== Exercise materials ==

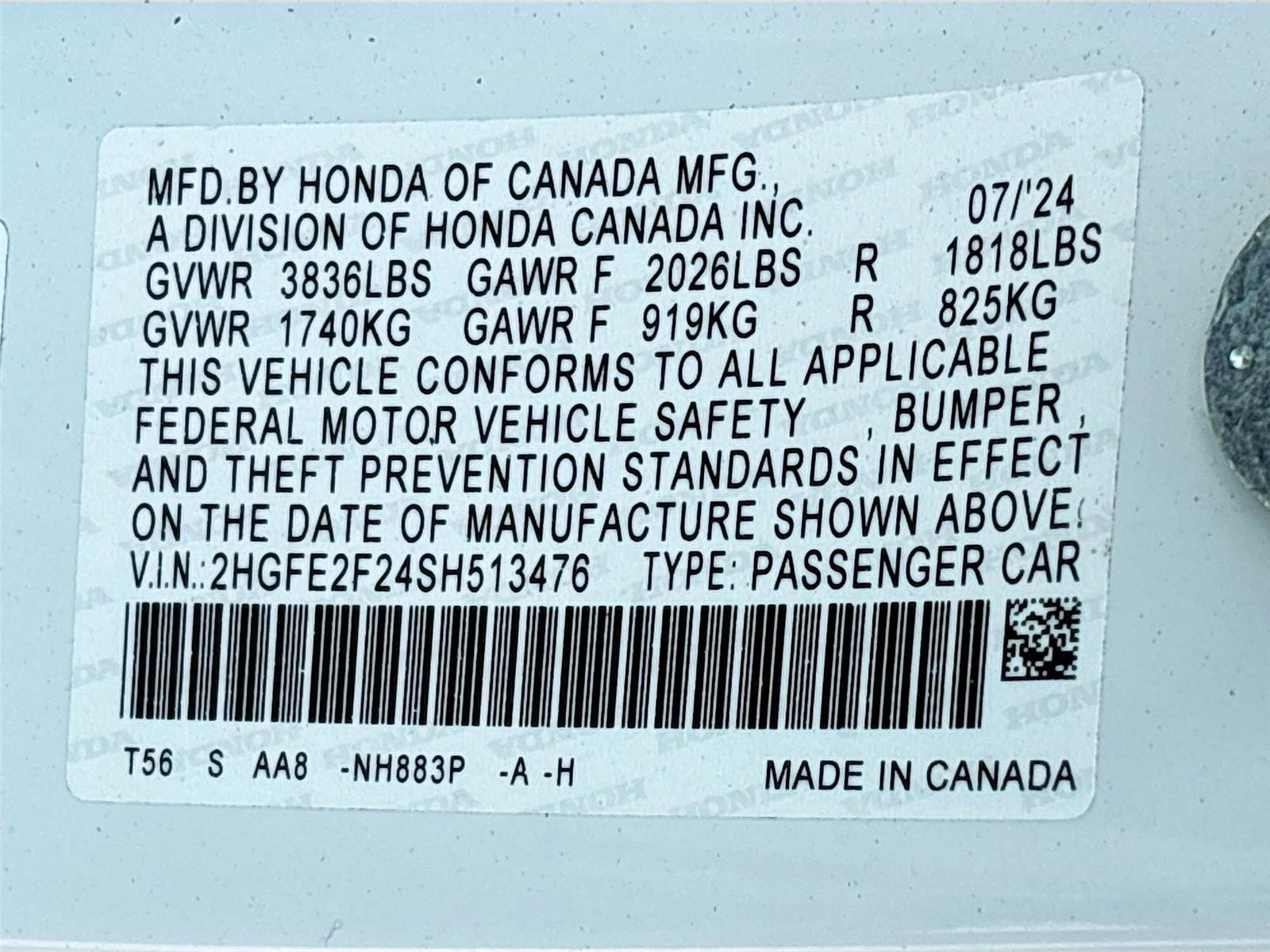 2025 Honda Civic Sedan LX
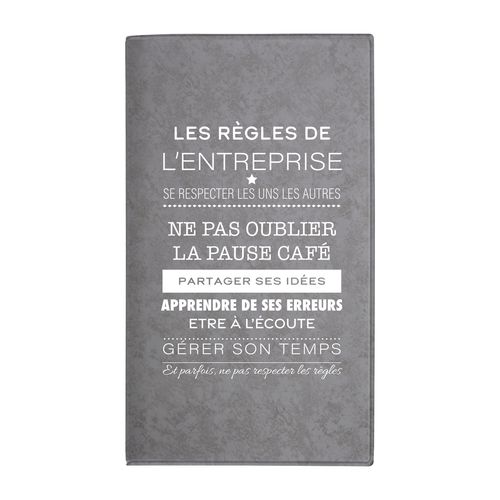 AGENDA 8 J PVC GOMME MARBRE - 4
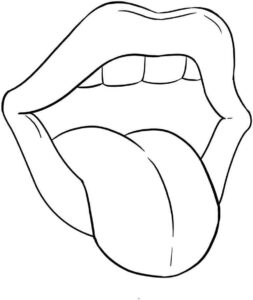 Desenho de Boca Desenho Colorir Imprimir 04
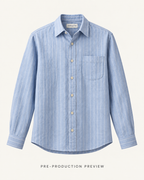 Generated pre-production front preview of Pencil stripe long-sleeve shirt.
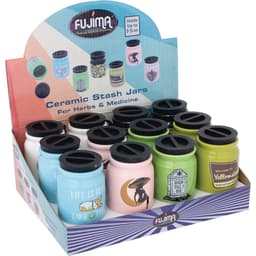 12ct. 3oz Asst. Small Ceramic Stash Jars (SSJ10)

===

The problem -
Drop the pictures and reproduce the rest of the data above exactly.

Output of the task -
 2025 Honda Civic Sedan LX
 AGENDA 8 J PVC GOMME MARBRE - 4
 Desenho de Boca Desenho Colorir Imprimir 04
 Generated pre-production front preview of Pencil stripe long-sleeve shirt.
 12ct. 3oz Asst. Small Ceramic Stash Jars (SSJ10)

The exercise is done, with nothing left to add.